Question 3: Is there a way that the program can tell what hops happened before the request got to the target so it can remove any duplicate hops? It looks like the program removed one duplicate (line 5 should be there twice since that IP is both the last hop before the target and is ALSO the first hop from the true target on the way to the fake target). Without doing it's own tracert to the source IP, can you know the entire path of the trace (all IPs), or can you only determine the IP source of the tracert and the IP from the 1 previous hop (since that's the immediate IP that forwarded the packet to you)?

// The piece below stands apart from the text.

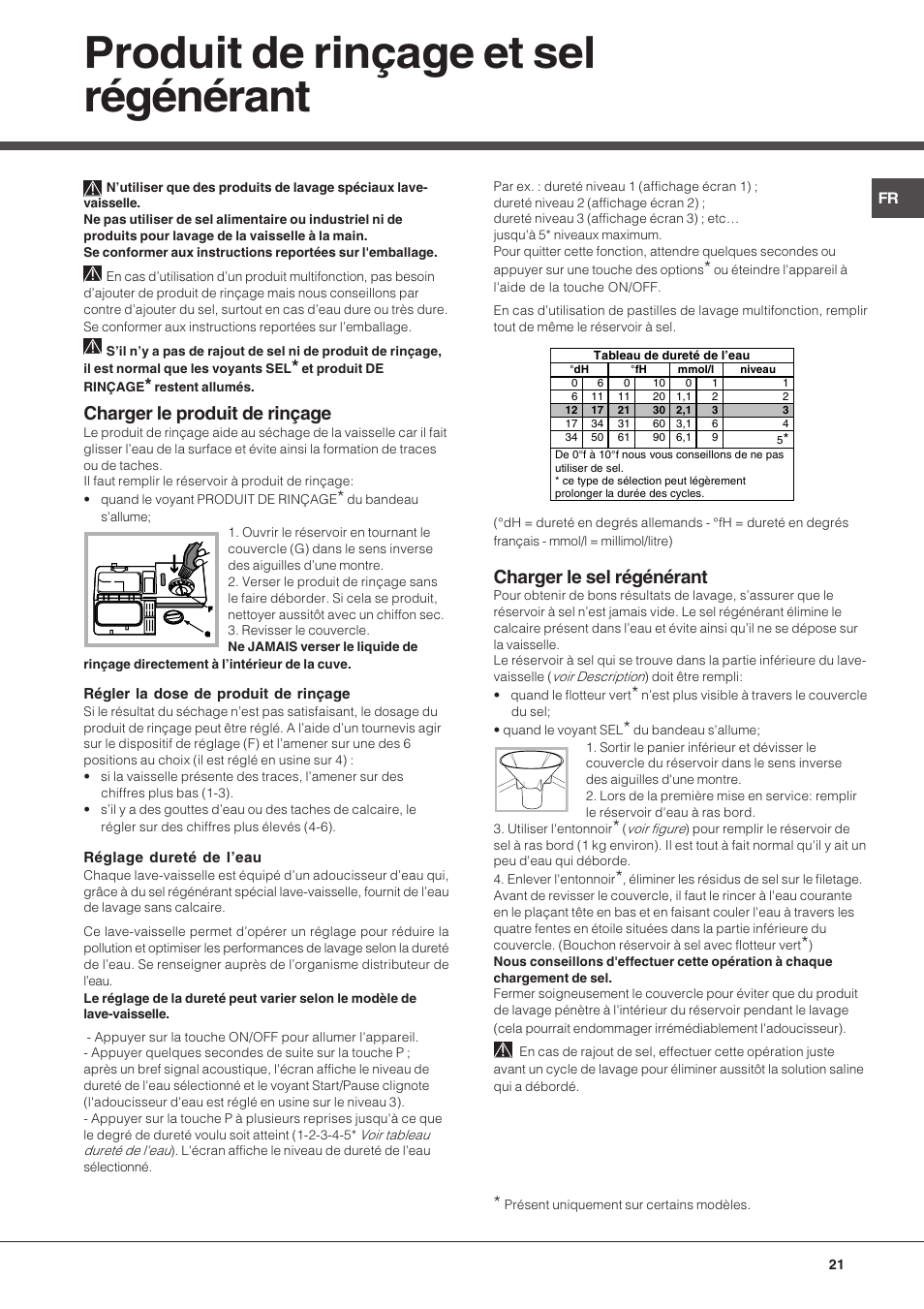 Produit de rinçage et sel régénérant, Charger le produit de rinçage, Charger le sel régénérant | Hotpoint Ariston LFF 8214E User Manual | Page 21 / 84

4 core3-g2-0.snfc21.pbi.net (206.171.134.130) 9.467 ms 8.700 ms 9.152 ms
5 rback23-fe2-0.snfc21.pbi.net (216.102.187.149) 14.432 ms 20.435 ms 16.546 ms
6 core4-g3-0.snfc21.pbi.net (216.102.187.130) 0.883 ms 0.594 ms 0.427 ms

If you can only know the source IP and the IP of the 1 previous hop, I can see how one wouldn't be able to remove the duplicate line 6. However, wouldn't it be a smart idea if the program resolved the hostname of the one previous IP (hop 5 in this case - "rback23-fe2-0.snfc21.pbi.net)", determined the TLD as pbi.net, and then removed all pbi.net hops in the secondary tracert that it appends to the first request? That would avoid a great deal of duplicate routers.

Anyway, I'm rambling. Just found this topic interesting!

[g00n]

muhahahaha, I just got an idea...

I want my server to look like a palm pilot, with 300 extra hops..

MUAHAHA, phjeer my monster dual 800 palm pilot!!! (sorry for the incorrect 1337 speak, thought i'd make it someone readable.)

[techtech]

Can mine look like a toaster?


btw...great link, perfect read for my bubble bath tonight! Thanx!

[Taters]

Oh wow! That is great. I'm still really new to this but it is really helping me out. Thank you cwk9.